▶ Your objective: Could you write out, exactly as they stand, only the lines in the listing below from the line with "Imagen del vendedor" to the line with "PARKINSON Penyakit Parkinson", both ends included, without the pictures?
-*-
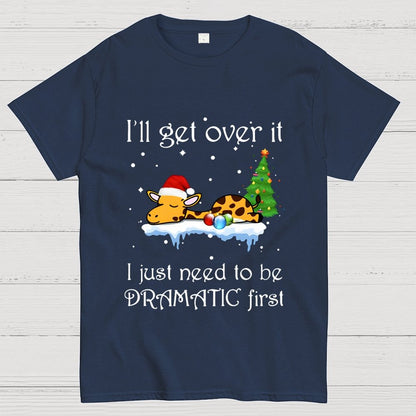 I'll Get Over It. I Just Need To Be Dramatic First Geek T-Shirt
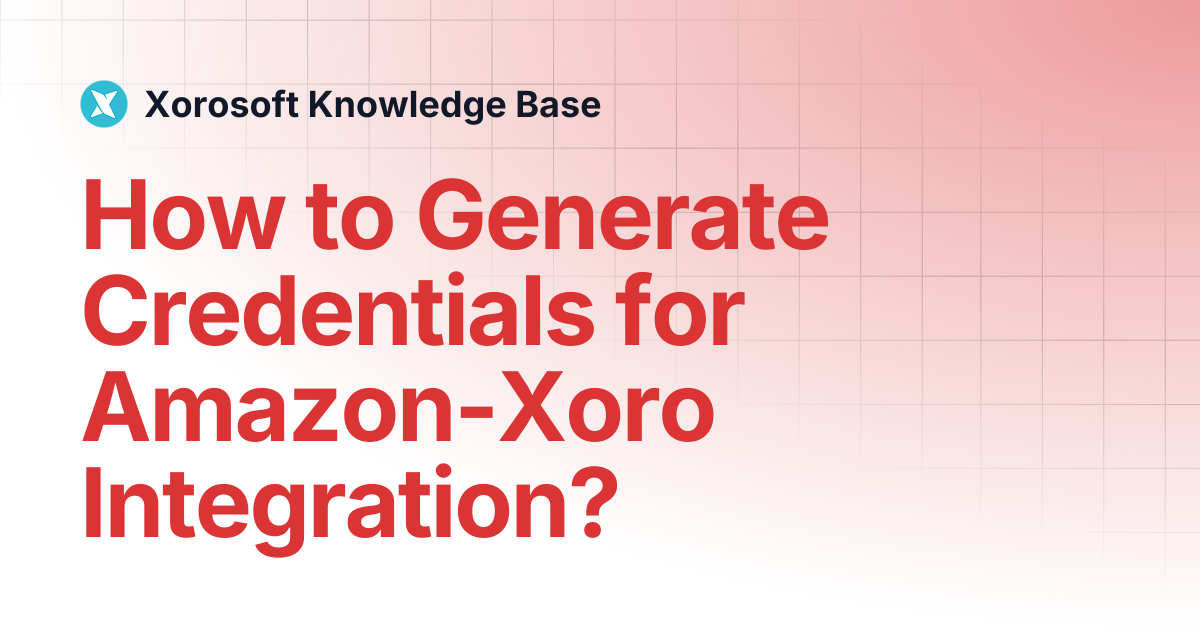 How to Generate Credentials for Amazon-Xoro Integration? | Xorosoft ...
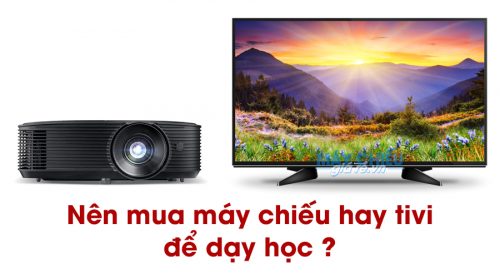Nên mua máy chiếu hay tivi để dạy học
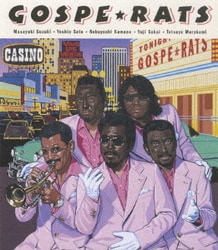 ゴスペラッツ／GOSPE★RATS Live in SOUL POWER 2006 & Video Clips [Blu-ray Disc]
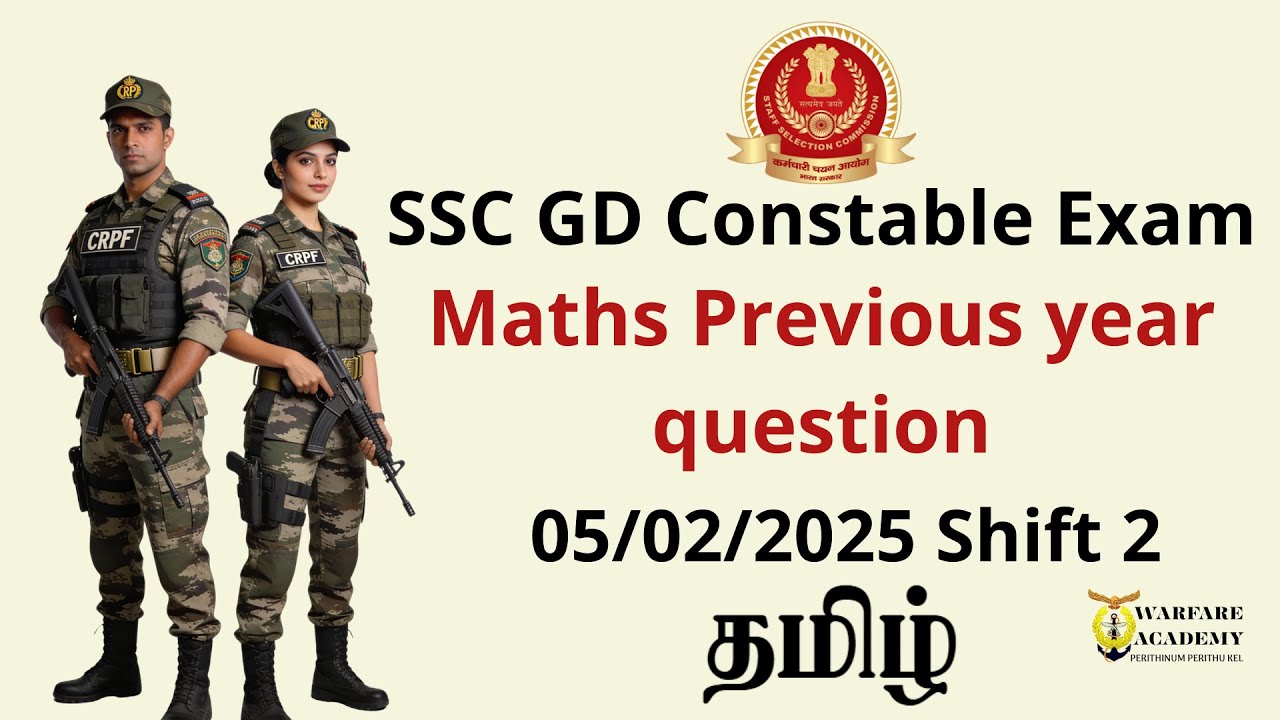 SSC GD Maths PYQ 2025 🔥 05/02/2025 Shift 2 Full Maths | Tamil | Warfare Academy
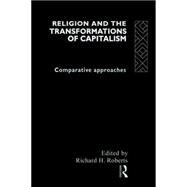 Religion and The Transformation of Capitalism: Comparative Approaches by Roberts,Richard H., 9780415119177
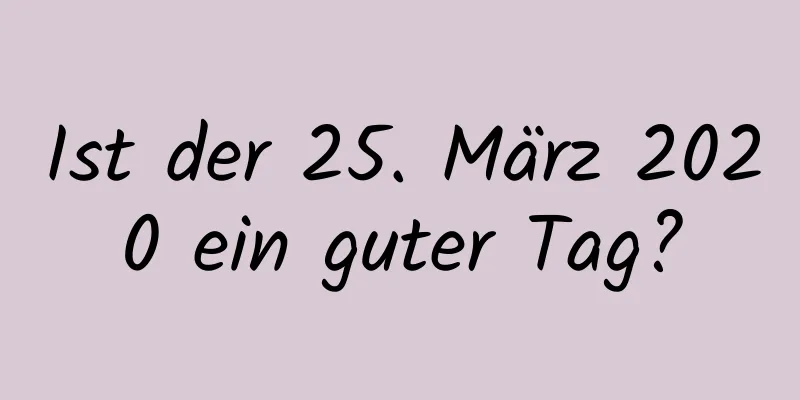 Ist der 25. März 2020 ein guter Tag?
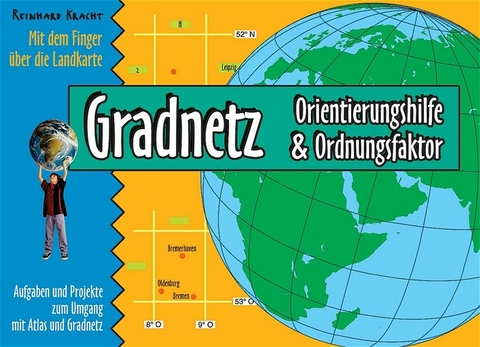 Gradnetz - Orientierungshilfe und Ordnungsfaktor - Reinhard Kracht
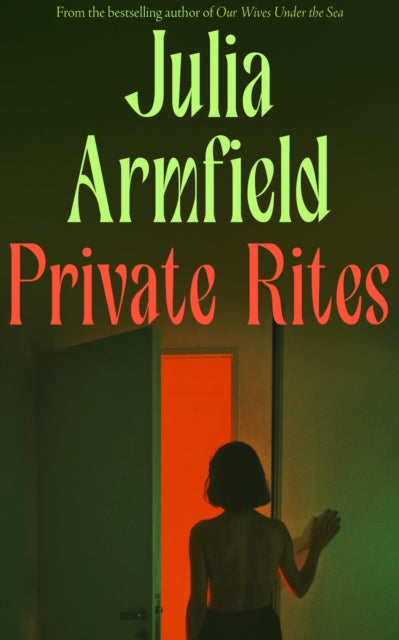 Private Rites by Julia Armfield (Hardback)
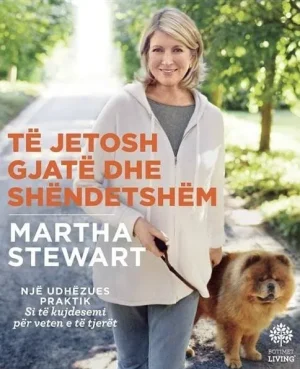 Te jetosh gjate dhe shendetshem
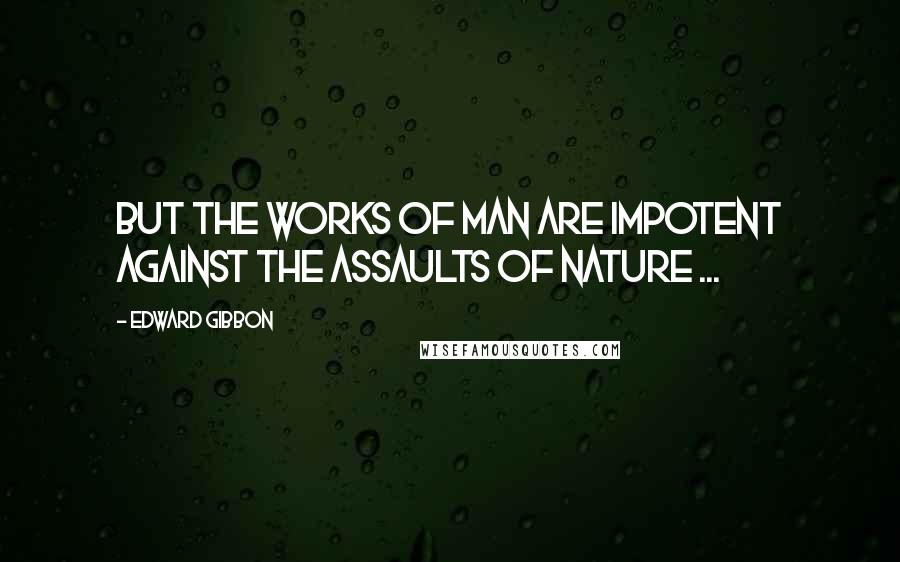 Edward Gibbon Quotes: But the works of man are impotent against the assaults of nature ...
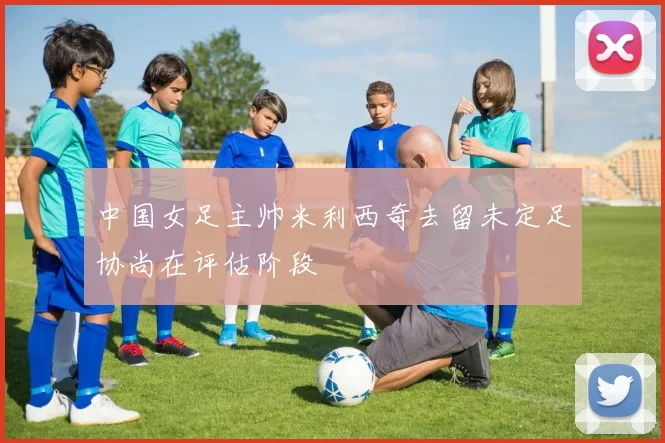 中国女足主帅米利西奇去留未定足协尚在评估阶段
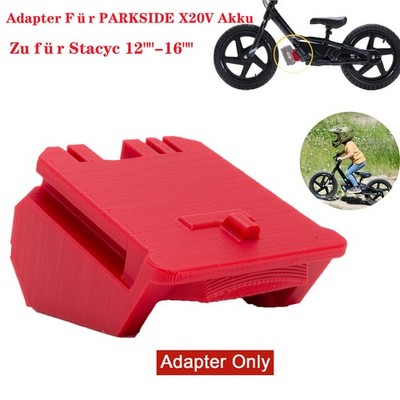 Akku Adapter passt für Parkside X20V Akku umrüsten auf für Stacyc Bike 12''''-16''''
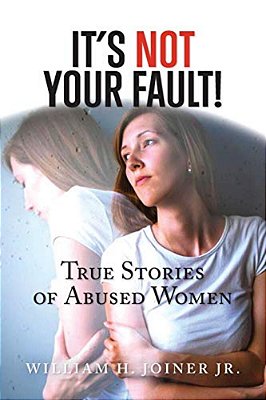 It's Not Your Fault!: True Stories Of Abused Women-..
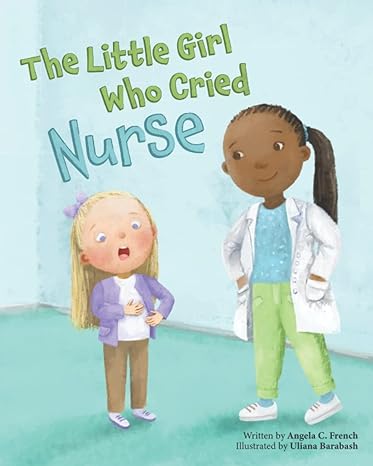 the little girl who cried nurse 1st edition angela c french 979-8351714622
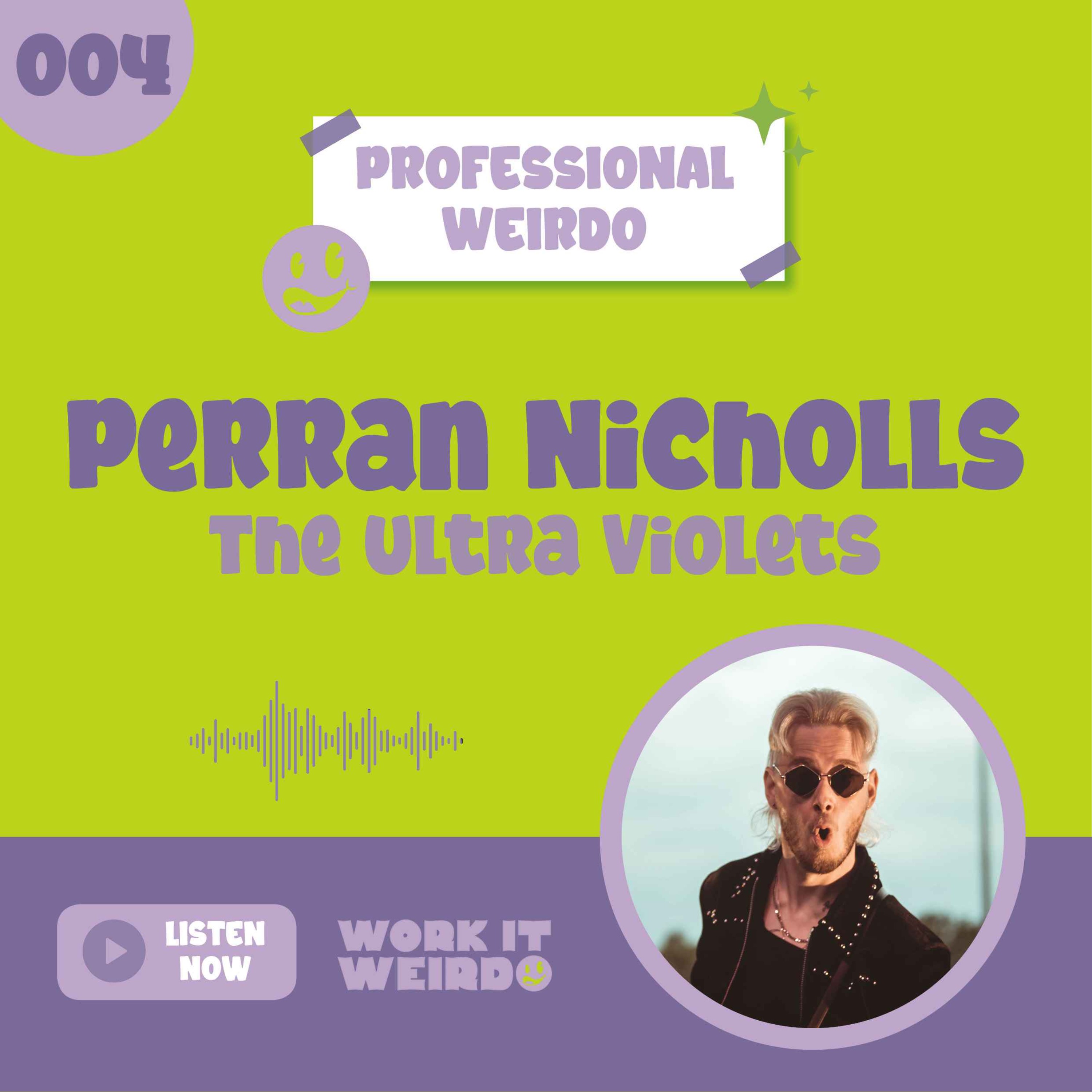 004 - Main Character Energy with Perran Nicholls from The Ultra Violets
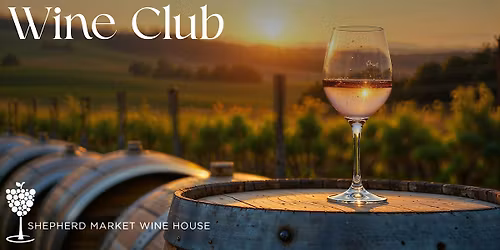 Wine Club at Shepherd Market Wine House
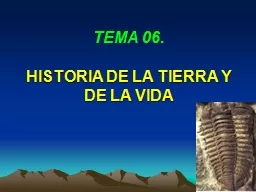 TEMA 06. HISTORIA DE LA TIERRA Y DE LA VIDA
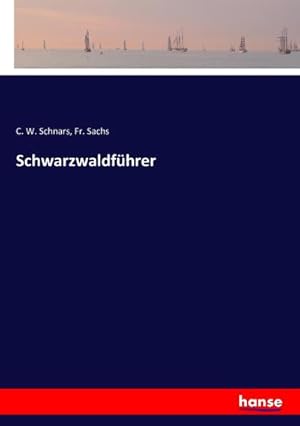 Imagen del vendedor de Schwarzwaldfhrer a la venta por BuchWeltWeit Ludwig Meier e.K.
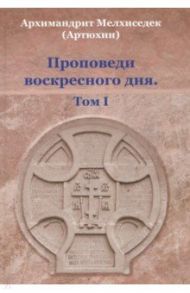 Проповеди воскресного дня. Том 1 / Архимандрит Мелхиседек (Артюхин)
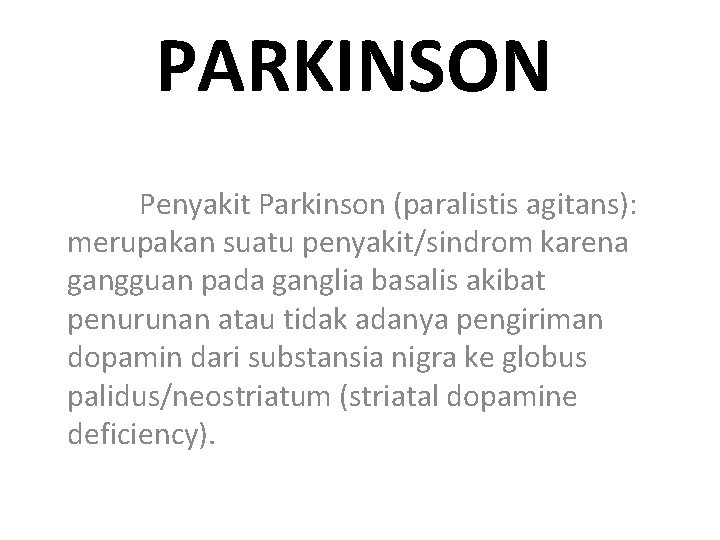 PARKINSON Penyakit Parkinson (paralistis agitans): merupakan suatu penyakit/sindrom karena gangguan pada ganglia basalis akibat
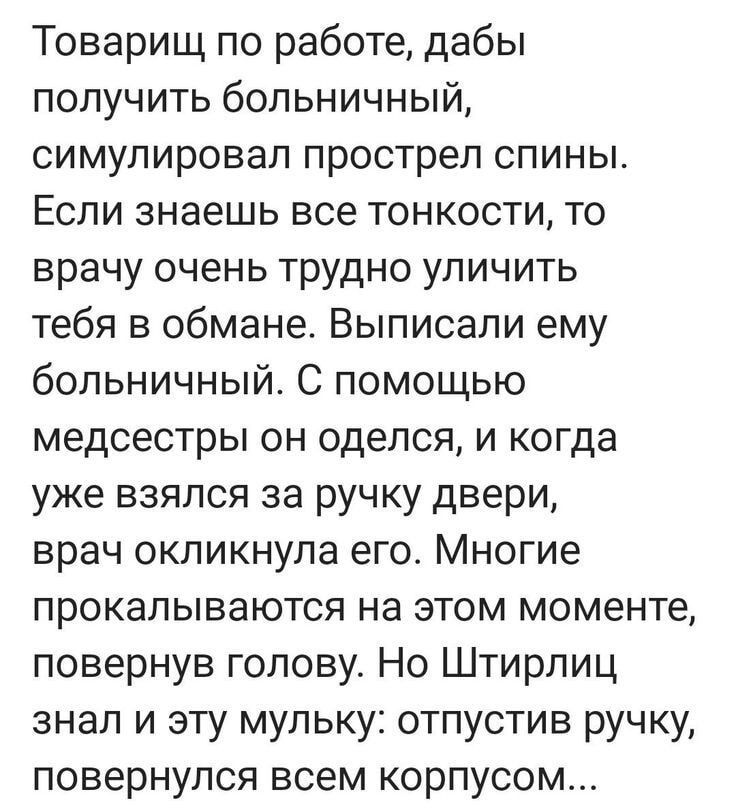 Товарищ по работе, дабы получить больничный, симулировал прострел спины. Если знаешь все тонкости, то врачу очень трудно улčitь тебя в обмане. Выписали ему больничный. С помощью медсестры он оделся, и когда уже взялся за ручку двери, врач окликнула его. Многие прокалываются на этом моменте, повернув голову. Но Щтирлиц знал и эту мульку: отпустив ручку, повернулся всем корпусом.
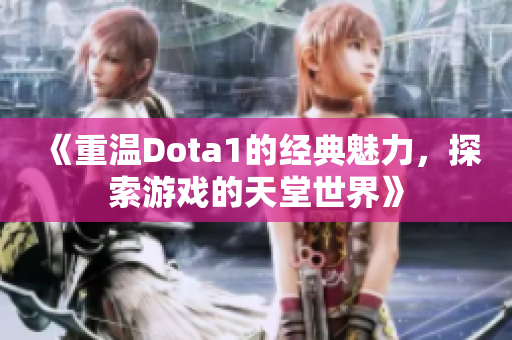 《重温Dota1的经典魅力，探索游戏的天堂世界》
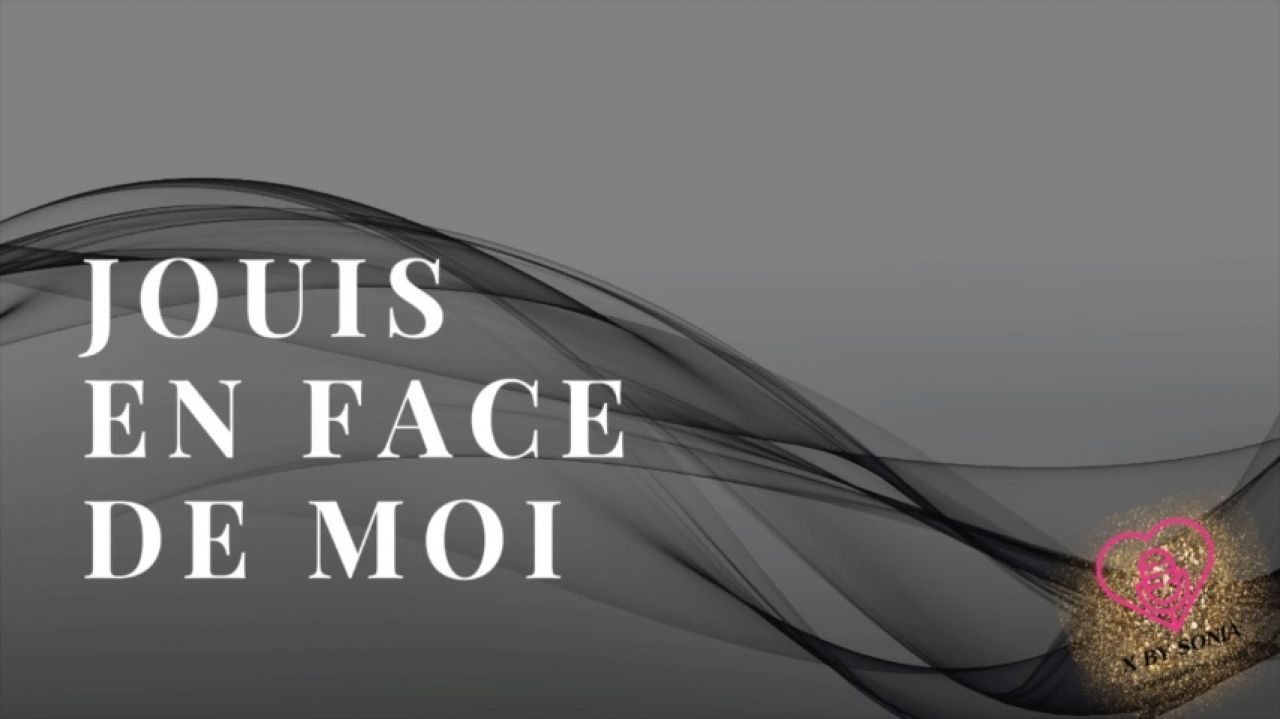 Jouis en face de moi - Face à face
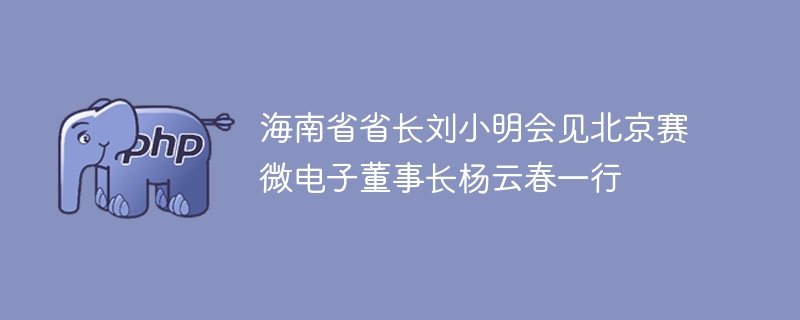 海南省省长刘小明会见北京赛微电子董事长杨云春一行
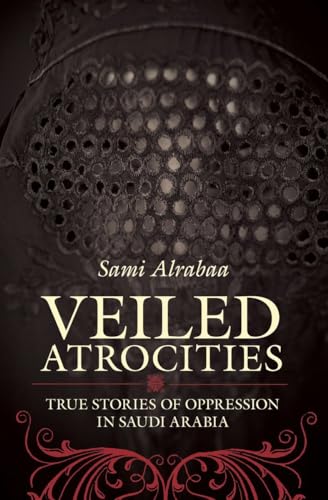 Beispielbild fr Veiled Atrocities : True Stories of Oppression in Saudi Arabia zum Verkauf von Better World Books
-*-
▶ Written answer:
 Imagen del vendedor de Schwarzwaldfhrer a la venta por BuchWeltWeit Ludwig Meier e.K.
 Проповеди воскресного дня. Том 1 / Архимандрит Мелхиседек (Артюхин)
 PARKINSON Penyakit Parkinson (paralistis agitans): merupakan suatu penyakit/sindrom karena gangguan pada ganglia basalis akibat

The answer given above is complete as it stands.